As retrans payments grow, programmers and operators wonder who gets stuck with the bill

By Jon Lafayette -- Broadcasting & Cable, 9/13/2010 12:01:00 AM

The cable industry is facing a billion-dollar question. Broadcasters, led by CBS, are closing deals with operators that will put CBS on course to achieve its goal of getting $250 million cash for retransmitting its signals. But so lofty a goal carries a related issue: That tab will have to get paid somehow. And therein lies the question—or questions. Will these retrans dollars— estimated to hit $1.3 billion by 2012, according to SNL Kagan— come out of distributor profi ts? Will cable networks take cuts or smaller increases in their monthly subscriber fees? Will customers pay through the nose with skyrocketing cable bills? Or will spiraling programming costs lead to a change in the way cable channels are bundled and sold to subscribers, as distributors brace for new video challenges from Apple, Google and Amazon?

It is, as everyone in the business knows, a relatively new dilemma. Not long ago, cable operators were tough, tight-fisted negotiators, vowing not to pay cash for retransmission consent as laid out in the Communications Act of 1992. But in recent years, broadcasters have been cashing in. Last week, Time Warner Cable and The Walt Disney Co. were able to come to a settlement on a new retransmission consent deal that included at least 50 cents per subscriber for ABC’s owned stations, higher fees for Disney’s cable channels and carriage of several new services.
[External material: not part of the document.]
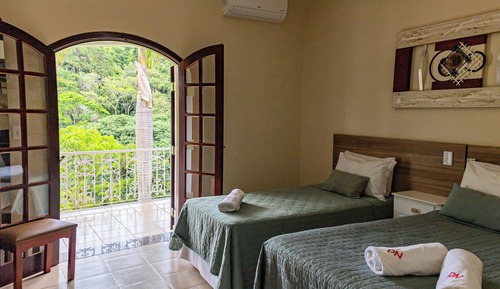 Habitación triple Deluxe, lanai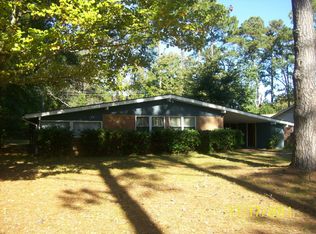301 Dyches Dr, Savannah, GA 31406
Even though the deal appeared to be settled much more peaceably than a slew of divisive deals of late, it was clear the cable operator felt that the rules surrounding retrans gave broadcasters an unfair advantage at the bargaining table. “We still have to make the very hard decision of, do you pay what we probably would think are above-market rates in order to avoid [disrupting service to customers]?” says Steven Teplitz, senior VP of government relations at Time Warner Cable. “It’s a no-win situation. You either pay more than you should in a normal functioning marketplace, which then leads to rising rates, or the customer potentially loses programming. So, even [with] a deal, that doesn’t mean that there’s still not a problem.”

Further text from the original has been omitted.